Time to Act!

Did you know that a vote is on at the OpenID Foundation to approve an initial implementer’s draft of OpenID Connect?

Your action is required.

If you haven’t looked at these specs yet,  go to http://openid.net/connect.    If you have only limited time, check out the Basic Client Profile to get an idea of what we’re talking about, or look at Nat Sakimura’s OpenID Connect in a Nutshell.

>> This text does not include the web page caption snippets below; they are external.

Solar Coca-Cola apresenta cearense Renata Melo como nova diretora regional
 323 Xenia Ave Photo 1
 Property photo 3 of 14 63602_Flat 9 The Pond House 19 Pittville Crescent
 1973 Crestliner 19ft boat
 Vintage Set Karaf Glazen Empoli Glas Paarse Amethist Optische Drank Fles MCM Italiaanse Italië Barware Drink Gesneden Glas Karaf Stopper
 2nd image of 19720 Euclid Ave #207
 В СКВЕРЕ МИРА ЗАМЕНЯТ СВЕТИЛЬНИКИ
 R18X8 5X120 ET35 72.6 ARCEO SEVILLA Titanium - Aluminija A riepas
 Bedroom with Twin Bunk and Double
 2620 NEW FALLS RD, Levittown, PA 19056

If you don’t even know what I’m talking about,  you need to go find out.  OpenID Connect is an identity layer on top of OAuth 2.0.   It abandons the redirect-based structure of OpenID 2.0 completely, and instead embraces the API security layer.   While OAuth 2.0 takes care of the mechanism of asking for a token and using that token,  OpenID Connect creates a scope that protects a standardized set of identity services:  these services provide roughly the same set of attributes, authentication context, and session expiry information that you would get in a SAML assertion.

SAML, OAuth 2.0, and OpenID Connect, when taken together, allow identity and issuer/session information to become a known common quantity, traded either on the front channel or the back channel, consumable by the largest enterprises and the simplest mobile applications, and secured at any level of assurance.

If you are already an OpenID Foundation member, you simply need to visit a website, login with your openid, and cast your vote.  Go to https://openid.net/foundation/members/polls/62 to cast your vote.

If you aren’t an OpenID Foundation member, becoming a member is simple and affordable, you can join as an individual for USD $25.  Visit https://openid.net/foundation/members/registration to join, and then you too can cast a vote.

You only have 5 more days, voting closes on February 15th,  do not wait until the last minute!